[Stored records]

---+---

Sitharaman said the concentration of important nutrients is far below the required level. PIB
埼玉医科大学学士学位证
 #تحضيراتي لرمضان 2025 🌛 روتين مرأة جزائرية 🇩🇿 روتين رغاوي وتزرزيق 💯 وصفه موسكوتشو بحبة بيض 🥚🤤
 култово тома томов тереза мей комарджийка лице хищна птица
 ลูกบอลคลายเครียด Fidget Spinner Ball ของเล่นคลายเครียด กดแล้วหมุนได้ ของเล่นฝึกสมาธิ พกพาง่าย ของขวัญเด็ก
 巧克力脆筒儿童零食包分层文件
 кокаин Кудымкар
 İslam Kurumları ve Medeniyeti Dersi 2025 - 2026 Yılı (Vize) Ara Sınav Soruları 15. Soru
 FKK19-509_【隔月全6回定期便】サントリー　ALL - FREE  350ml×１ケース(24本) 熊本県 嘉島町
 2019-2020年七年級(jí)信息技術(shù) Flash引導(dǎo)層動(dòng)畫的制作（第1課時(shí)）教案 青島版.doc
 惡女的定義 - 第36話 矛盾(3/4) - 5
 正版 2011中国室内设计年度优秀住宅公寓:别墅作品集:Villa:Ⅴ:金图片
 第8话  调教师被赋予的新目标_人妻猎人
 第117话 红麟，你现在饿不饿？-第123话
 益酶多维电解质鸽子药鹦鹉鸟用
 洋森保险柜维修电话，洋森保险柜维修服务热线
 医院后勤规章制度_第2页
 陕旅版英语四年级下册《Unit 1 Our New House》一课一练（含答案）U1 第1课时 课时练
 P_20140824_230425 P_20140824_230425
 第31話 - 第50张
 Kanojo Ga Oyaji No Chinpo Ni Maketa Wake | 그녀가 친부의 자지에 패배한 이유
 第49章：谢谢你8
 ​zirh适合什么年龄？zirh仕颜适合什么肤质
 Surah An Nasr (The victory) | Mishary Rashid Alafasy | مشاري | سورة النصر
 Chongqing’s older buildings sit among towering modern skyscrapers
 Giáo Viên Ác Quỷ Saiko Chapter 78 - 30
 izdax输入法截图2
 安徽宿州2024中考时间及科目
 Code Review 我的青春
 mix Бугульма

---+---

■ PROBLEM: Your answer must consist solely of the lines from the one containing "FKK19-509_【隔月全6回定期便】サントリー　ALL - FREE" through the last line of the entries, reproduced exactly.

■ RESPONSE TO THIS TASK:
 FKK19-509_【隔月全6回定期便】サントリー　ALL - FREE  350ml×１ケース(24本) 熊本県 嘉島町
 2019-2020年七年級(jí)信息技術(shù) Flash引導(dǎo)層動(dòng)畫的制作（第1課時(shí)）教案 青島版.doc
 惡女的定義 - 第36話 矛盾(3/4) - 5
 正版 2011中国室内设计年度优秀住宅公寓:别墅作品集:Villa:Ⅴ:金图片
 第8话  调教师被赋予的新目标_人妻猎人
 第117话 红麟，你现在饿不饿？-第123话
 益酶多维电解质鸽子药鹦鹉鸟用
 洋森保险柜维修电话，洋森保险柜维修服务热线
 医院后勤规章制度_第2页
 陕旅版英语四年级下册《Unit 1 Our New House》一课一练（含答案）U1 第1课时 课时练
 P_20140824_230425 P_20140824_230425
 第31話 - 第50张
 Kanojo Ga Oyaji No Chinpo Ni Maketa Wake | 그녀가 친부의 자지에 패배한 이유
 第49章：谢谢你8
 ​zirh适合什么年龄？zirh仕颜适合什么肤质
 Surah An Nasr (The victory) | Mishary Rashid Alafasy | مشاري | سورة النصر
 Chongqing’s older buildings sit among towering modern skyscrapers
 Giáo Viên Ác Quỷ Saiko Chapter 78 - 30
 izdax输入法截图2
 安徽宿州2024中考时间及科目
 Code Review 我的青春
 mix Бугульма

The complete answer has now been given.